The commercial data miner employs a grab bag of techniques borrowed from statistics, computer science, and machine learning research. The choice of a particular combination of techniques to apply in a particular situation depends on the nature of the data mining task, the nature of the available data, and the skills and preferences of the data miner.

Data mining comes in two flavors—directed and undirected. Directed data mining attempts to explain or categorize some particular target field such as income or response. Undirected data mining attempts to find patterns or similarities among groups of records without the use of a particular target field or collection of predefined classes.

Data mining is largely concerned with building models.
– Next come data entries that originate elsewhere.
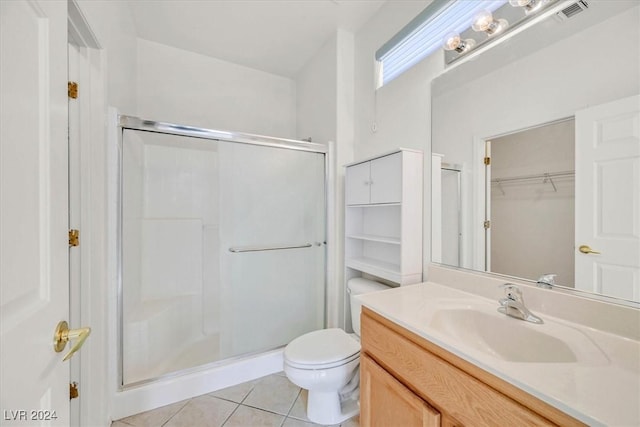 bathroom with tile patterned flooring, vanity, toilet, and a shower with shower door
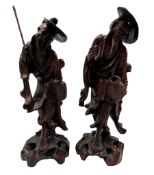 Pair of Chinese carved standing figures of farmers on rockwork bases H30cm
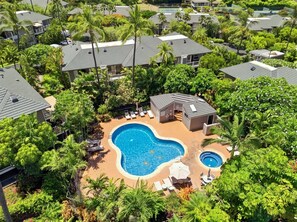 Un barrio residencial con varias casas, una piscina y abundante vegetación.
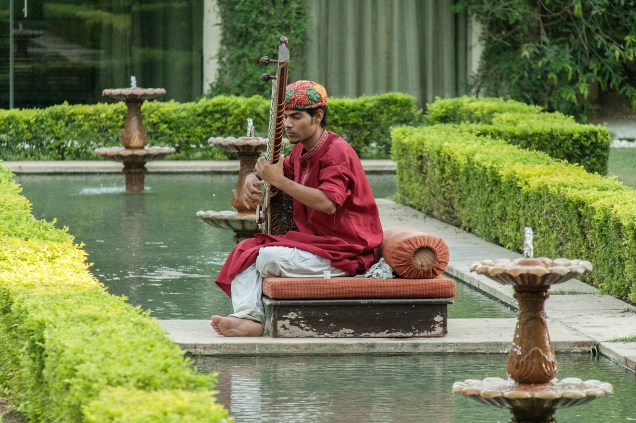 Um músico toca a cítara enquanto os hóspedes meditam no jardim do hotel Rambagh Palace, em Jaipur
A model is simply an algorithm or set of rules that connects a collection of inputs (often in the form of fields in a corporate database) to a particular target or outcome. Regression, neural networks, decision trees, and most of the other data mining techniques are techniques for creating models.

Under the right circumstances, a model can result in insight by providing an explanation of how outcomes of particular interest, such as placing an order or failing to pay a bill, are related to and predicted by the available facts. Models are also used to produce scores.

A score is a way of expressing the findings of a model in a single number. Scores can be used to sort a list of customers from most to least loyal or most to least likely to respond or most to least likely to default on a loan. The data mining process is sometimes referred to as knowledge discovery or KDD (knowledge discovery in databases). We prefer to think of it as knowledge creation.

What Tasks Can Be Performed with Data Mining?

Many problems of intellectual, economic, and business interest can be phrased in terms of the following six tasks:

  • Classification
  • Estimation
  • Prediction
  • Affinity grouping
  • Clustering
  • Description and profiling

The first three are all examples of directed data mining, where the goal is to find the value of a particular target variable. Affinity grouping and clustering are undirected tasks where the goal is to uncover structure in data without respect to a particular target variable. Profiling is a descriptive task that may be either directed or undirected.